A web-server needs good security practises to avoid leaking data, allowing unauthenticated API calls, or go offline due to a DOS attacks.
Kvarn is built on top of these principles to provide security out of the box.
|2 Default CSP|
|4 Internal API|
|4.1 Strict request checks|
|4.2 File structure|
|7 Few lines of code|
Kvarn allows for easy configuration of CORS settings, reducing the risk of a vulnerable API, in the case of a third party website suffering from XSS.
To prevent XSS, Kvarn ships with a default content security policy.
The default is
default-src 'self'; style-src 'self' 'unsafe-inline', which allows content from the current website and inline styling.
You can of course change the policy, programmatically, with policies specific to locations on the site.
Kvarn also offers convenient nonce.
Kvarn is entirely written in Rust, a memory-safe language without a noticeable runtime penalty. This removes the risk of buffer overflows, dangling pointers, and other undefined behaviour.
Not only the library, but also extensions (the code you write) are protected against this.
To reduce risks of faulty code, Kvarn abstracts several concepts of unsecure things.

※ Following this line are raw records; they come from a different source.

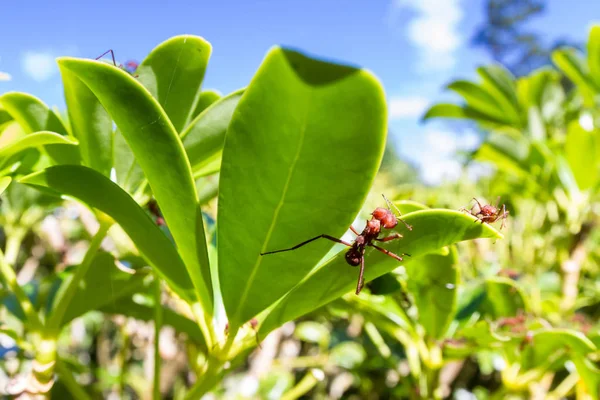 Cortador de hojas hormigas — Foto de Stock
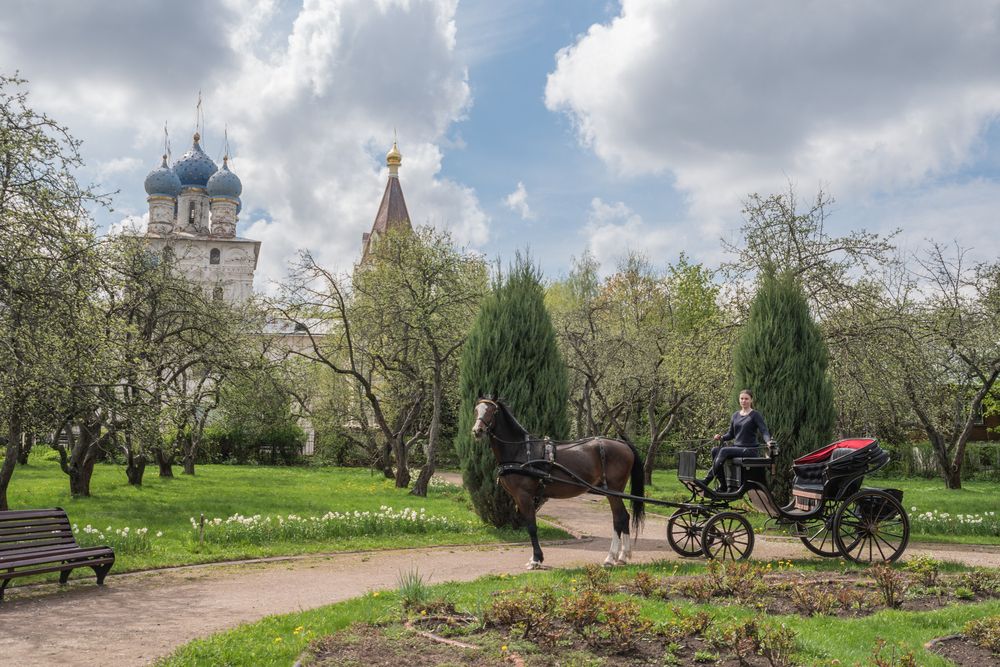 Photograph by Анастасия Григорян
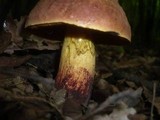 Boletus queletii image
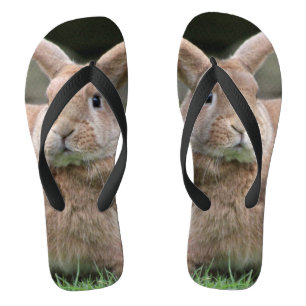Tongs Cute lapin de gingembre avec de grandes oreilles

This eliminates the risk of exposing data.
The response cache is stored in memory and never on disk.
Strict request checks
When a request is parsed, certain components are analyzed to be legal. This guarantees only files from the webroot are available (as long as your extensions don’t read any other).
The public files, certificates, error messages, and templates are in separate folders, independent from each other.

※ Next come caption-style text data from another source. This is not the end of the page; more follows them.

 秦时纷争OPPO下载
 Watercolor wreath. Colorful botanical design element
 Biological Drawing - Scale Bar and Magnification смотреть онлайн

To prevent malicious actors from taking your site down, two layers of defense are implemented by default. If a IP overrides a configured threshold of requests, it’ll receive a error message until the timer is reset.
Everybody makes mistakes. A solid testing library and solid tests for a library can prevent pushing faulty code to prod.

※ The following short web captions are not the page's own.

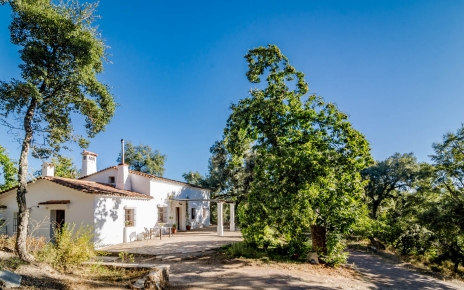 La propiedad tiene una sola planta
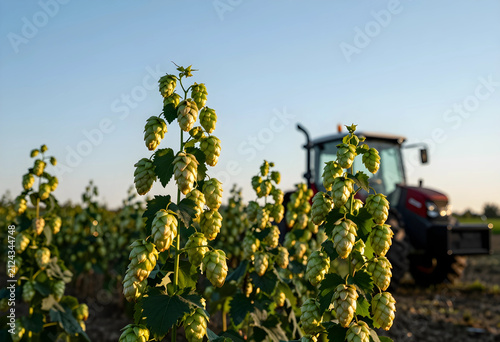 Green hop cones growing on ...
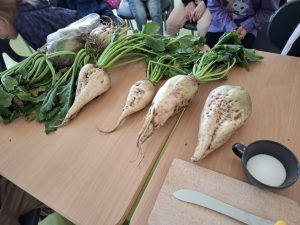 Zdjęcie ułożonych obok siebie na stole czterech buraków cukrowych. Obok nich stoi filiżanka z cukrem.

Kvarn provides an easy-to-use testing library for integration testing your Kvarn extensions and your API. It’s also covered by tests validating logic, speed, and stability of Kvarn’s code.
Few lines of code
If we assume the act of programming is to introduce bugs, less code should mean less bugs.
The entirety of Kvarn, including the optional extensions, and it’s reference implementation is less than 20K SLOC; the whole codebase can be audited in a day.
To prevent Cross-site request forgery,
it’s good to set the
SameOrigin attributes on all cookies.
It’s bad to use GET requests for any back-end operation which modifies the state.
POST requests are also more susceptible to CSRF attacks.
If using Kvarn’s Prepare, you have to check for the method manually.